Special prosecutor pursuing Columbus Police misconduct cases speaks out following resignation
Katheen Garber, the lead special prosecutor who was tasked with pursuing criminal charges against three Columbus Police officers accused of alleged misconduct in the 2020 downtown racial justice protests, resigned on Wednesday.
The announcement of her resignation came one day after prosecutors dismissed the misdemeanor charges in the second case. Before that, prosecutors lost the first case that went to trial.
Garber spoke with WOSU on Friday afternoon. She was reluctant to explain the reason for her resignation, given that one other case is still pending.
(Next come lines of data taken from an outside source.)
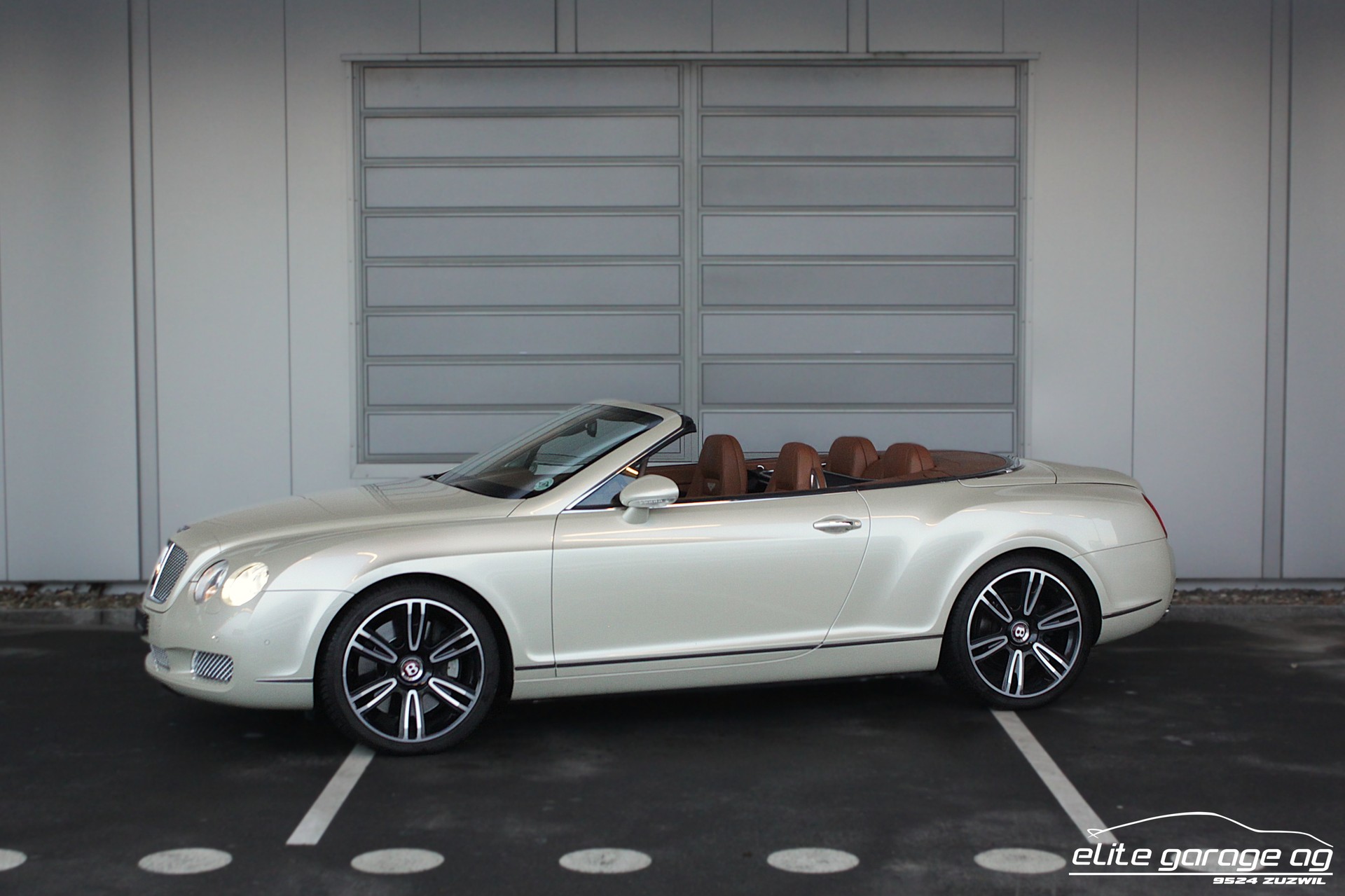 BENTLEY Continental GTC 6.0 "BESPOKE"-image-0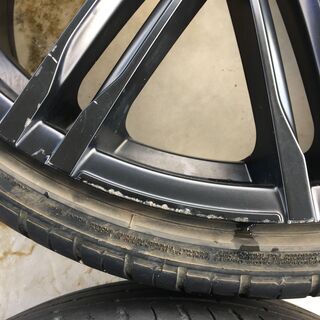 ホイールタイヤセット　245/30/ＺＲ22の画像
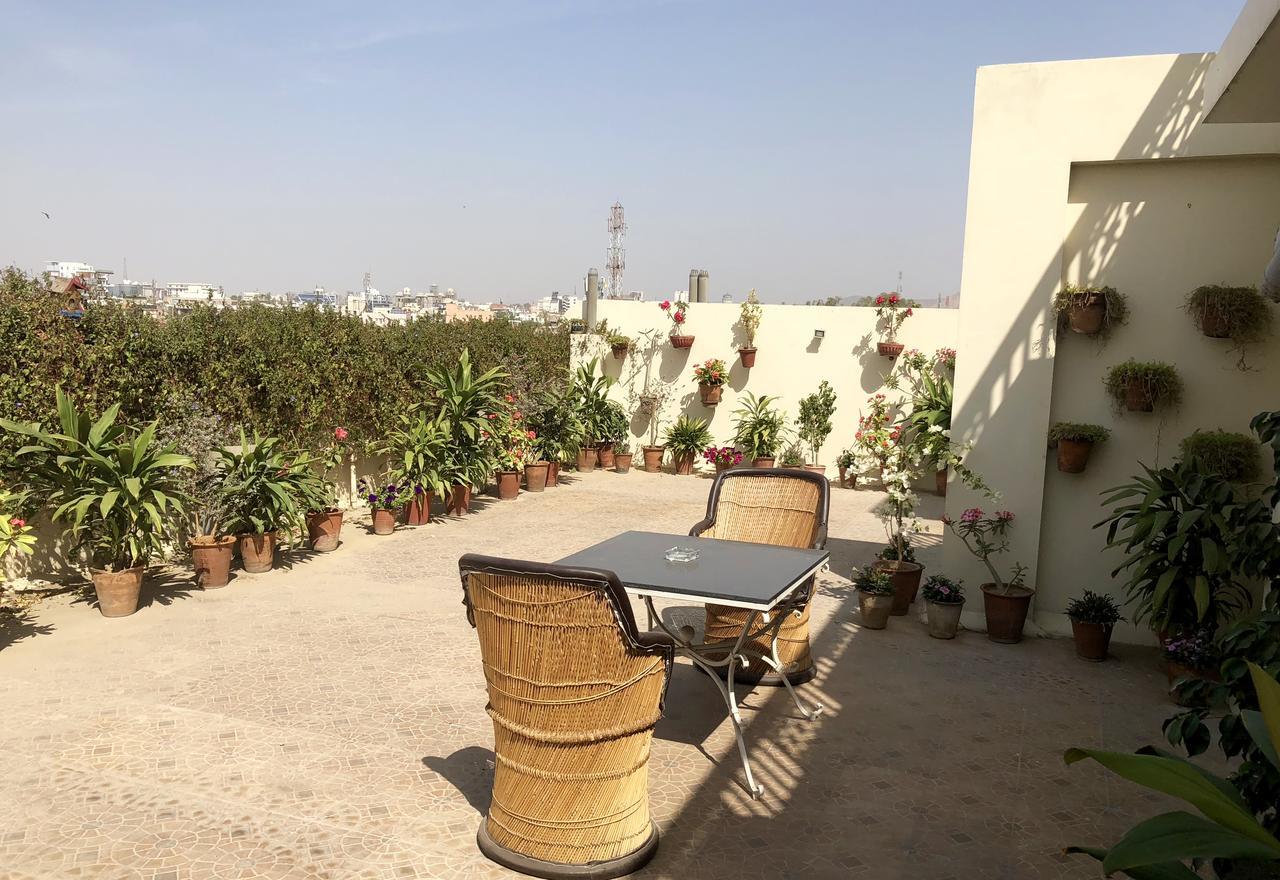 Saket Inn Jaipur Exteriör bild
However, she spoke candidly about the challenges presented by prosecuting such high-profile cases against three Columbus police officers.
"Well, it's the hardest thing I've ever done," Garber said. "And that's, you know, having prosecuted serial rapists and death penalty cases and domestic violence and everything else."
Garber said she and the rest of the prosecutorial team were in new territory, given that police officers typically don't face criminal misconduct charges and that complaints of excessive force are usually handled administratively.
One of the biggest challenges, Garber said, was that her investigator had a great deal of difficulty getting officers to give them usable information, saying it was like "pulling teeth."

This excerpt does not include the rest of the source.